At this time, no specific drugs or therapies have been proven effective for prevention or treatment of COVID-19. Current disease management is supportive care, including supplemental oxygen and mechanical ventilator when indicated.
However, several possible treatment options are under intensive investigations:
Convalescent plasma: when someone is infected with SARS-CoV-2, the coronavirus that causes COVID-19, their immune system produces antibodies to fight the virus. People with healthy immune systems produce enough antibodies to fight the disease and recover, while those with compromised immune systems may struggle. Antibodies from blood plasma of recovered patients can be given to people with active illness to help neutralize the virus. This approach has been used in the past for some other diseases, with varying success. Studies are underway to determine its effectiveness in COVID-19, and if convalescent plasma is best used to prevent infections in high-risk individuals; to prevent mild infections from becoming severe; or to improve recovery in severely ill patients. The FDA has allowed emergency use of convalescent plasma in patients with serious or immediately life-threatening COVID-19 infections. While the treatment concept is simple, the process involves multiple steps, from selecting donors, to collecting, processing blood and safety screening. On average, plasma from one donor is only enough to treat 1 to 3 patients. For these reasons, convalescent plasma is considered a temporary solution while antiviral drugs and vaccines are developed.
Remdesivir is an antiviral drug originally created by Gilead Sciences to fight Ebola virus, but it was proved effective in treating SARS and MERS coronaviruses in laboratory and animal research. Recent studies show that Remdesivir inhibits SARS-CoV-2 infections in cultured cells, and efficiently prevents COVID-19 disease progression in monkeys. Remdesivir is an adenosine nucleotide analogue. During viral RNA synthesis, it incorporates into the nascent RNA and causes premature termination, thus interrupting viral RNA production. There are currently 6 ongoing clinical studies, some of which are large-scale phase 3 trials; and initial results are encouraging. However, as an experimental drug, Remdesivir is not expected to be available in large amounts very soon.

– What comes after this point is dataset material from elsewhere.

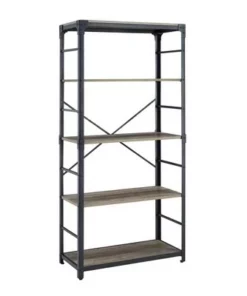 64" Benny Angle Iron 4 Tiered Mixed Material Bookshelf - Saracina Home Rustic Oak -Bookshelves Sales Shop unnamed file 4380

Chloroquine and its derivative hydroxychloroquine had recently made headlines thanks to early reports from China and France about its effectiveness in treating severely ill COVID-19 patients. Having been used to treat malaria and some autoimmune diseases, these drugs are readily available. In laboratory studies, the drugs have been shown to block entry of the virus by interfering with host cell receptor. In addition, they also inhibit virus/host cell fusion, preventing the release of viral nucleocapsid. However, more recent human studies suggest that these drugs may produce serious side effects that can be fatal. Specifically, they may cause QT interval prolongation, an abnormal heart rhythm that can quickly develop into lethal rhythms of ventricular tachycardia and fibrillation. The FDA now recommends against taking chloroquine or hydroxychloroquine for COVID-19 infections unless they are prescribed in hospitals under close supervision, or as part of a clinical trial.